A Self Portrait...

18 May 2015

Drifting and Thinking

Odd day should have done more I've got to start packing things up decide what to take and what might as well be left. I won't need much not at first from what I'm being told I might not need much at all! In any event I don't want to do a full move twice in what may well be as many months.

Strange day rain, worry, more rain more worry.  I know there are some vulnerable people involved, part of me wants to kind of sieve them out and then I remind myself all bullies are weak and vulnerable that's why they're bullies and those vulnerable people loved what they were doing for as long as they thought they would never be caught.

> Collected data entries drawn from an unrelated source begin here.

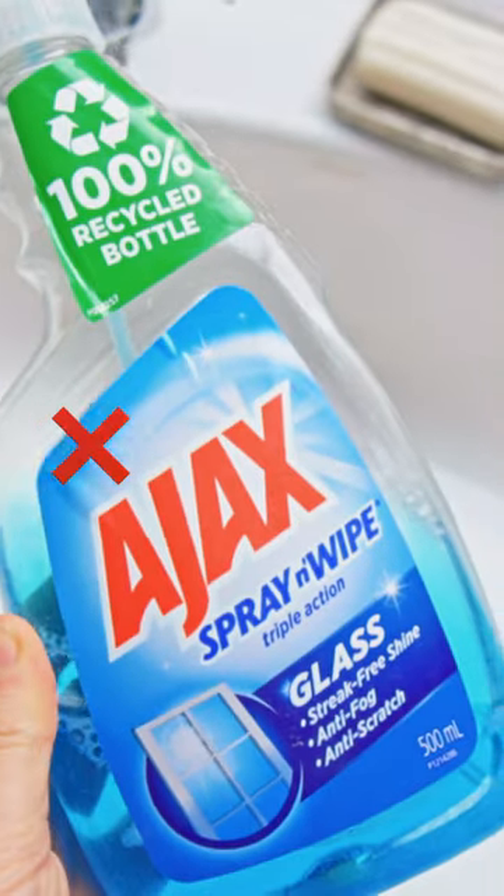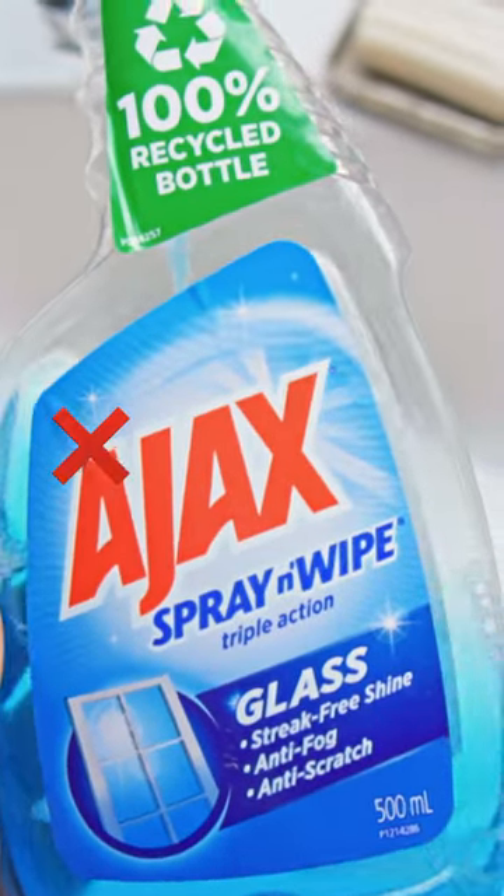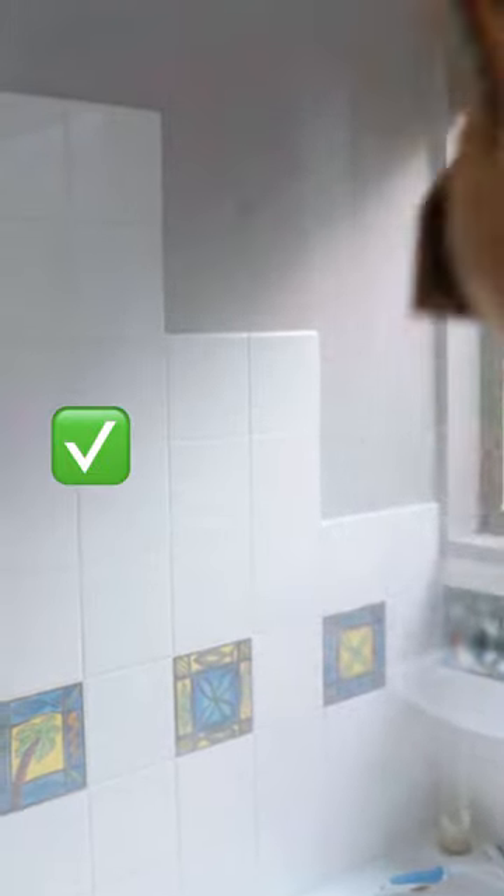For the mirror and the glass cleaner, we have a very easy swap we can make. A much better version is our all-purpose spray. Yes, it can be used here as well. I use it to clean windows and mirrors together. It has to be paired with a Swedish dishcloth or a sponge for completely streak-free results.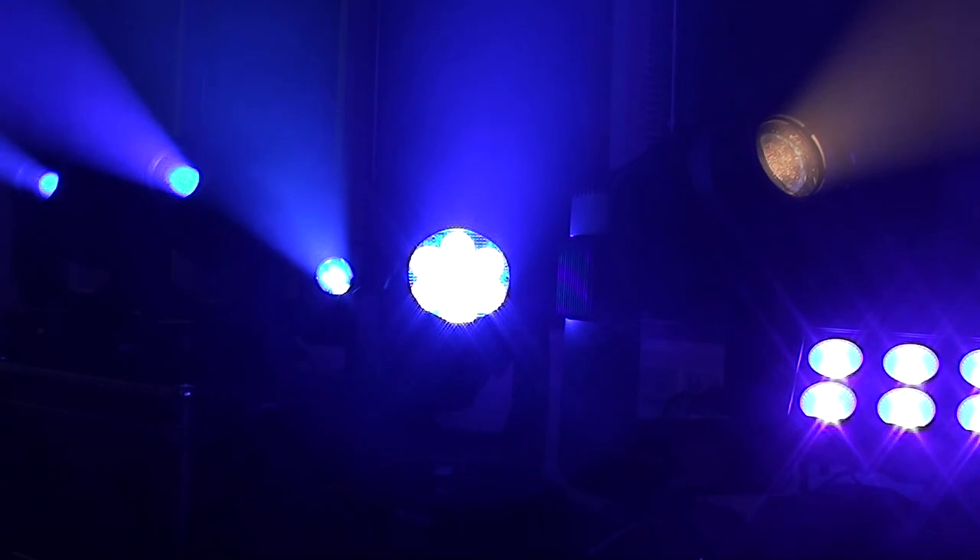It's also got a great frost — that's one of the things that is really good about the VL1100 as well. The nice thing about the 1100 is that it doubles as a hard-edged device and a wash light.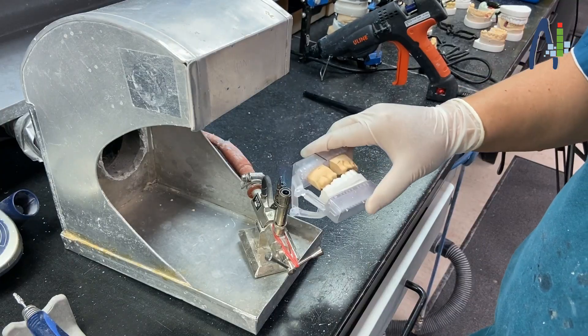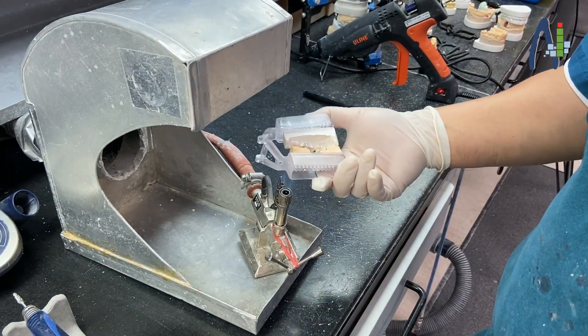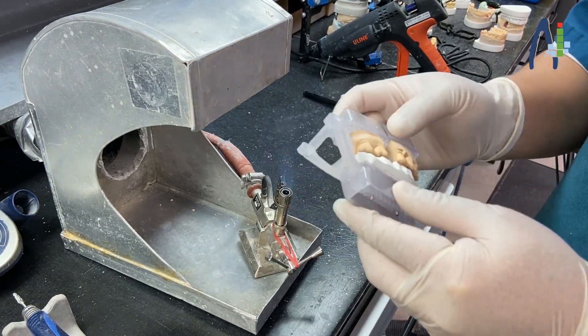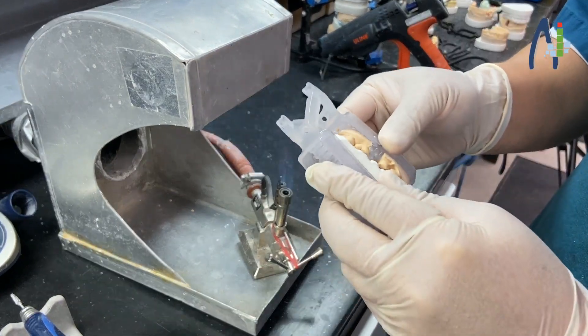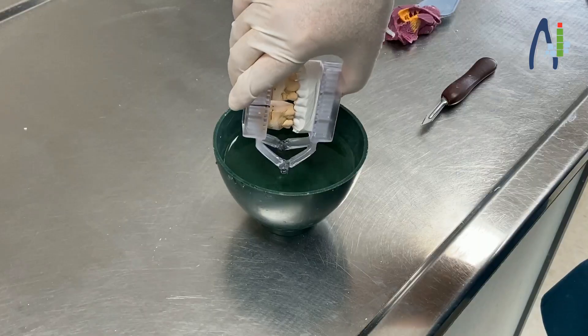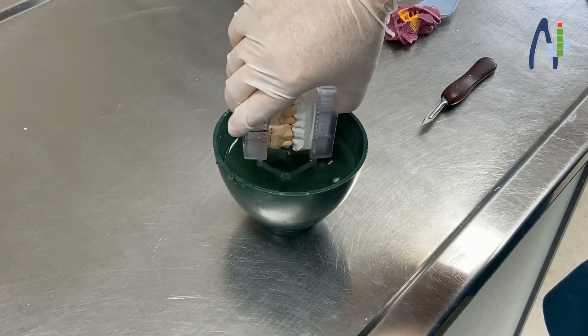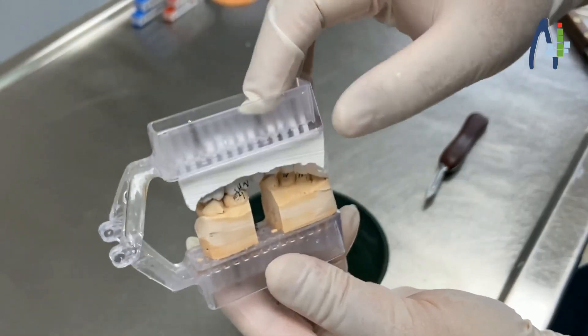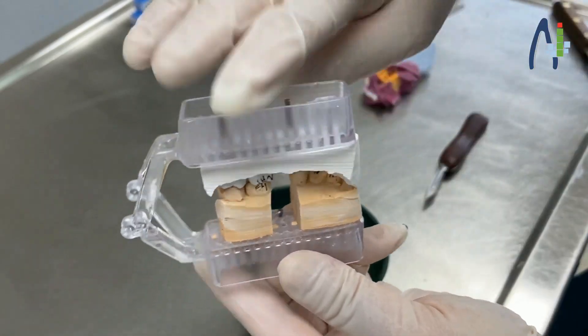You can also torch the bridges to adjust the occlusion. Grab the AICL bite and cool it down in cold water. Thanks to the well-fitting pins, the models are stable.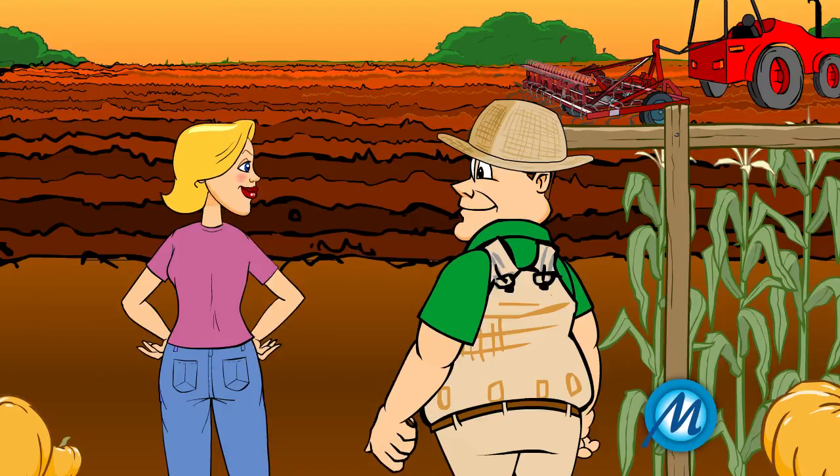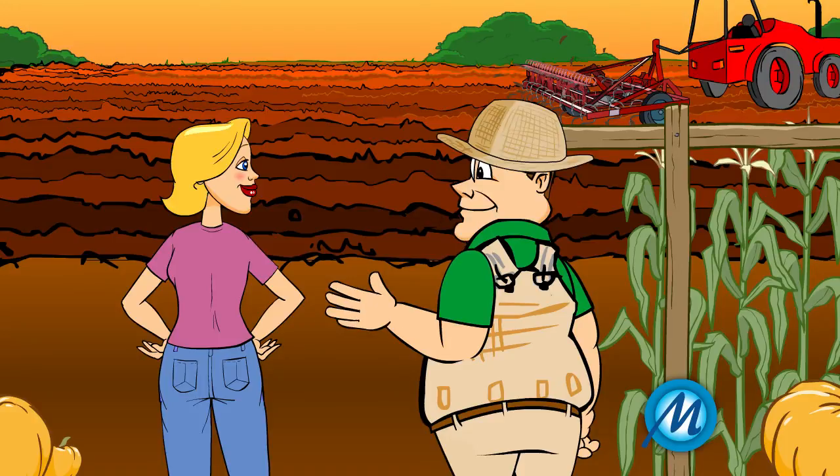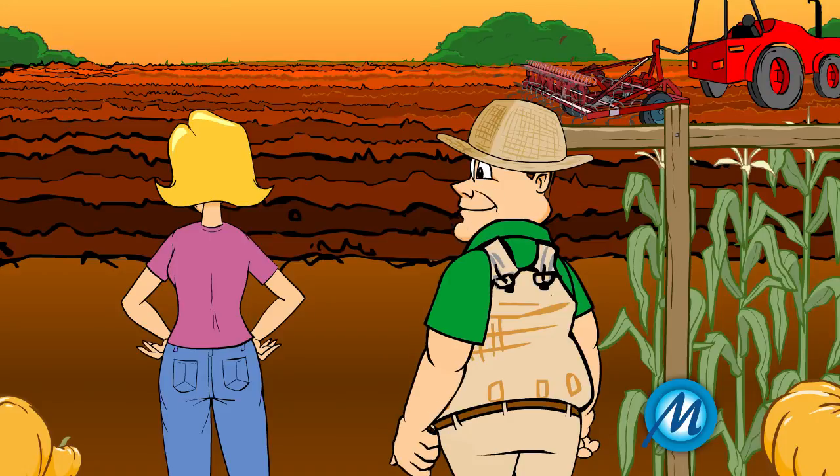Have you finished planting the seeds for the next crop? Not yet. We have prepared the soil for planting the crop. After the last harvest, we had to prepare the fields.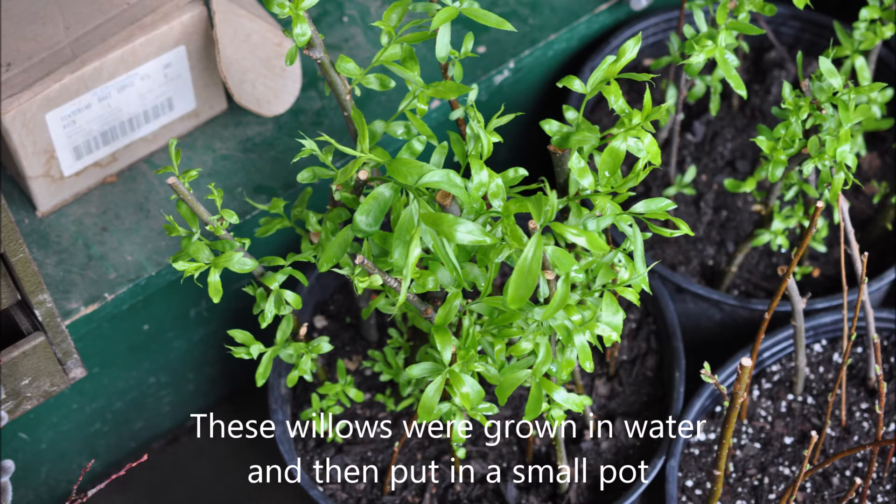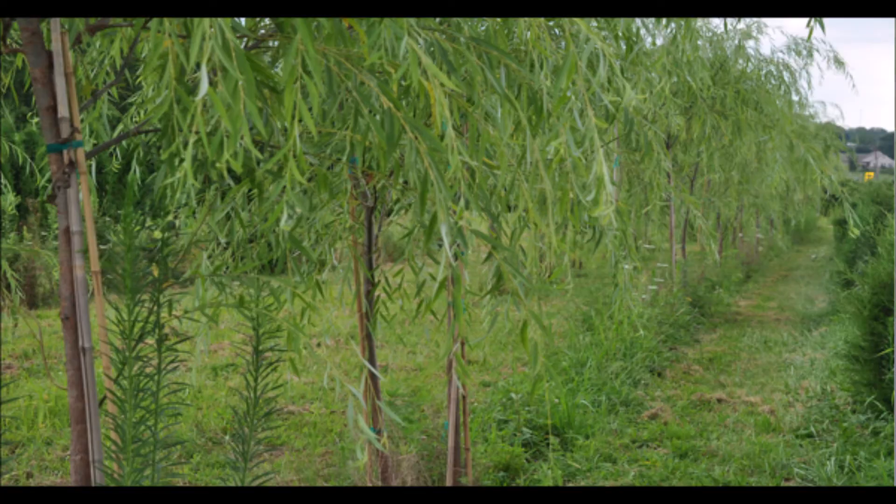These willows were grown in water and then put in a small pot. Soon they'll be out in the field, and they'll grow into nice, large trees like these that we sell.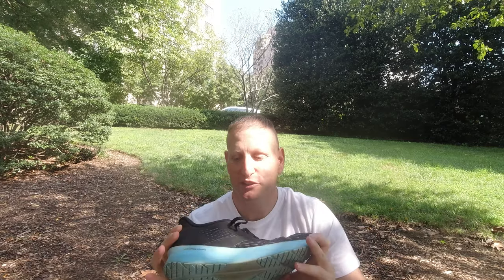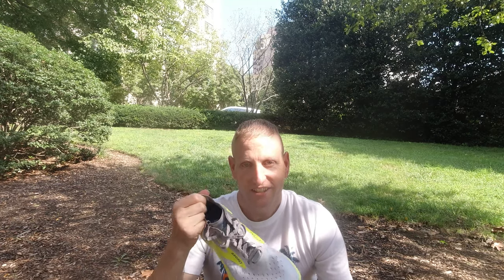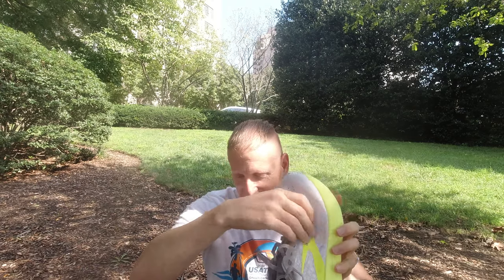Just get rid of that padding, Brooks. I wish they could take the collar from the Hyperion Tempo — I get a great lockdown feel with that shoe and no issues rubbing or getting blisters. If you could combine the uppers... I love the upper fabric on both, they're very similar — really breathable and lightweight. If Brooks could somehow fix that collar, I would love this shoe. But that is a major reason why I will not race a marathon in this shoe.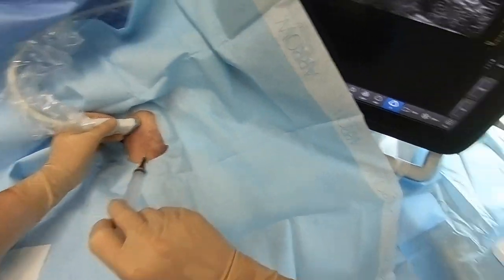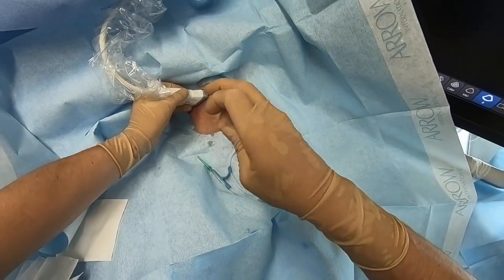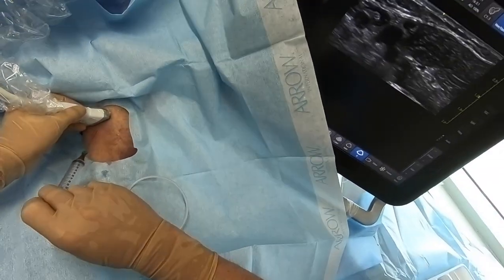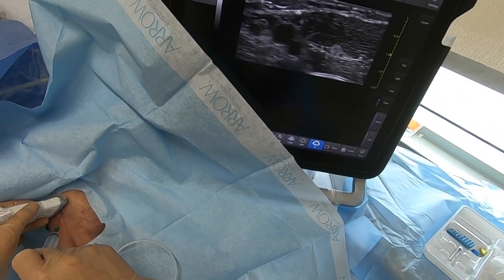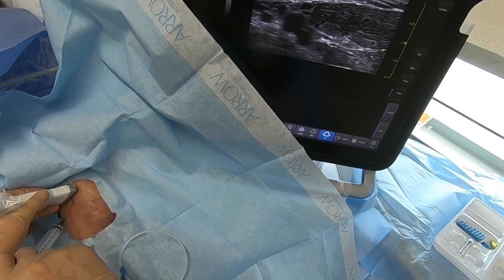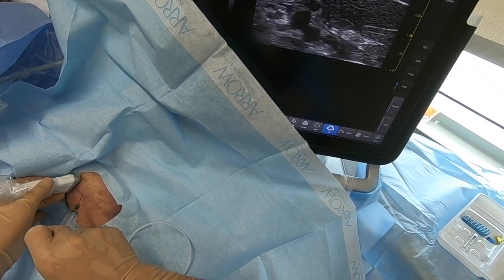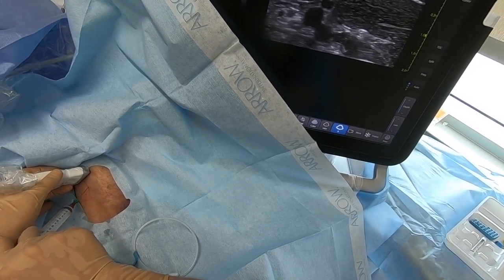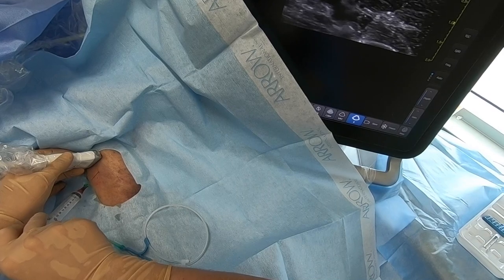We'll now make our access attempt using the introducer needle that comes in the kit. This is quite small compared to other devices — it's only 21 gauge, just like a micropuncture needle. You don't need a syringe on it, but for any difficult vein it is helpful to have. It gives you immediate feedback of when you've entered the lumen of the vessel compared to just watching for passive reflux of blood. This is a small needle, so that comes slowly. With active aspiration, you get much quicker feedback, even when you have poor visualization. Some people find it a little unwieldy to have the syringe, but it tends to help. We're using the same technique as always — continuously following our needle tip. See the separate video for that technique.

Didn't seem to occur to them that capture was not up to them or me and now its too late I can't sieve the vulnerable out if I do that it would be unfair to the others, it would also be dangerous for me they have stolen so much of my life that if I don't stop all of them one of them will use the pictures and other information, is probably already dreaming about how s/he could get away with it and there could well be more than one.

One of them said they were shocked to find I want redress as if such a thing had put a dent in my halo! There never was a halo not on any of us but there was crime and increasingly serious crime at that. The moment they appeared at my house was the moment I knew I had to stop them. It made me ill and like every victim it made me want justice.

I'm looking forward to moving this place is bad for me and the more I look the more connections to Ireland I find and that means staying is out of the question.